Wednesday, August 29, 2007

Ontario election: multicultural flip-flops

I wasn't going to touch the faith-based school controversy that, instead of electoral reform, appears to be the defining issue of the Ontario provincial election campaign, but I find that I must. There is only so much perplexity I can stand before I have to start talking about it.

Let's review. The McGuinty Liberals are out of the gate as firm supporters of a public school system--except for the Catholics. The Greens want to abolish the separate school system and have one public system for all, and they have United Nations backing as well as popular support for this move. The NDP is exactly nowhere on the question, offering this tepid nonsense:

NDP critic Peter Tabuns said the New Democrats also support maintaining the status quo in public education, but with one key proviso.

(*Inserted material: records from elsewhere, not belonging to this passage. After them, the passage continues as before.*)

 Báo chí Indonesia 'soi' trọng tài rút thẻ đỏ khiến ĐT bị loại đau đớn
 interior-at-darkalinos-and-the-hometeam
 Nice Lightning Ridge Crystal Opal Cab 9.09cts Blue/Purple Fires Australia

"We need to put money back into the system to deal with the fundamental problems that teachers and students are dealing with," Tabuns said.

This was the party, remember, that strongly supported full funding for the Catholic Separate School system in the 1980s.

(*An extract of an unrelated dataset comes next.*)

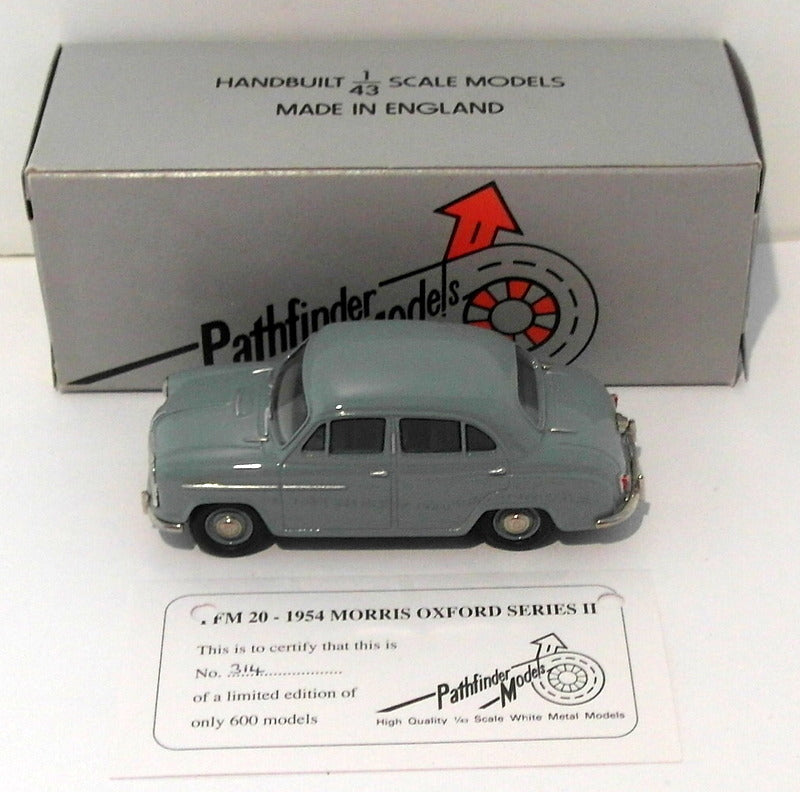 Pathfinder Models 1/43 Scale PFM20 - 1954 Morris Oxford Series II  Blue - #1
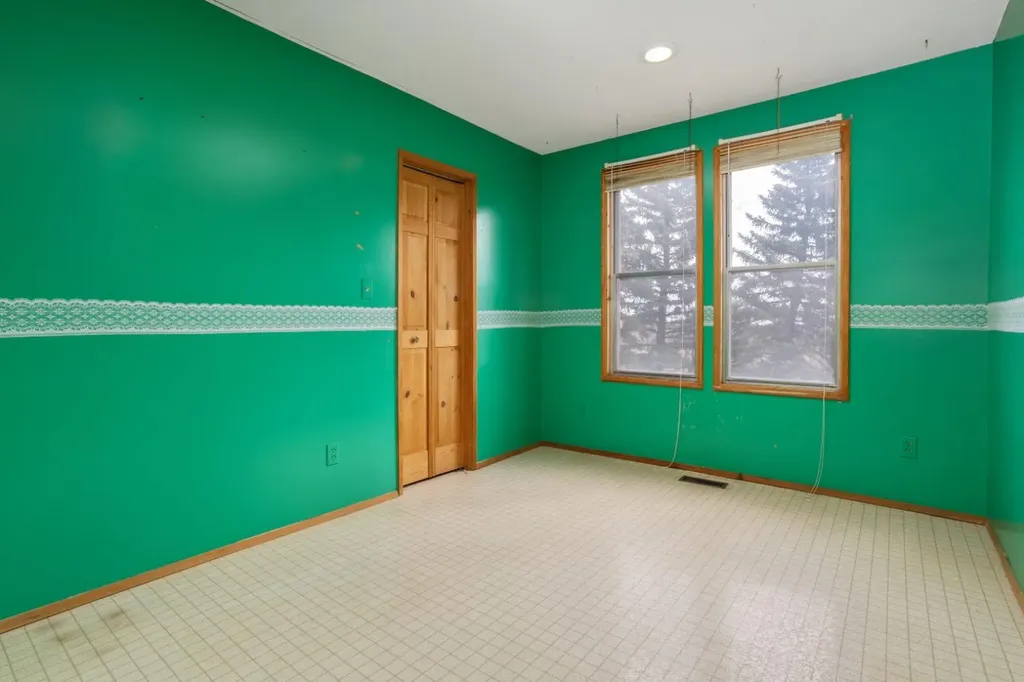 43040 Highway 855 Rural Flagstaff County AB T0B 2M1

And the Conservatives? Why, let a hundred flowers bloom, let a hundred schools contend, as some grumpy old Tory somewhere once mumbled.

What on earth has happened to that good old multiculturalism debate? You know, the one where the sides have lined up for years: the Right opposed, the Left in favour (supposedly), pushing its charming vision of a brightly-coloured mosaic of peoples, faiths and languages? All the players have switched sides here, and this onlooker, for one, is getting a little curious, not to mention confused.

Of course, it never has been as simple as that. As a progressive, not to mention a student of anthropology, I've had my own problems with official multiculturalism, and I'm not alone. But Liberals created the policy, affirmed it and promoted it. Conservatives have supported cultural integration, but of the kind where "they" simply become "us." Just let it all happen naturally, I say--culture isn't a thing, it's what people do. "Canadian culture" is a living braid of many different world-views, traditions and practices. It changes all the time--it's not a sea that eventually swallows immigrants, nor is it a collection of pretty little boxes containing cuisines, folk-dances, exotic religious rituals and costumes.

But I digress. Back to the Ontario election campaign. What is emerging on the cultural front? Liberals, stout defenders of those little boxes, suddenly want one system for all (well, two), and start talking sensibly about public education. (To give McGuinty credit, he earlier dealt in Solomonic fashion with the "Shariah law" non-issue by completely secularizing the Ontario Arbitration Act.) And Conservatives, who once talked about "Canadian values," and saluted the good burghers of Hérouxville as cultural heroes, now want to fund a whole bunch of different school systems on the taxpayers' nickel--identity politics at its absolute worst.

This is a wedge issue, all right, but what an odd turn of events: the Liberals promoting educational integration and the Conservatives pandering to the ethnic vote. Isn't it supposed to be the other way around?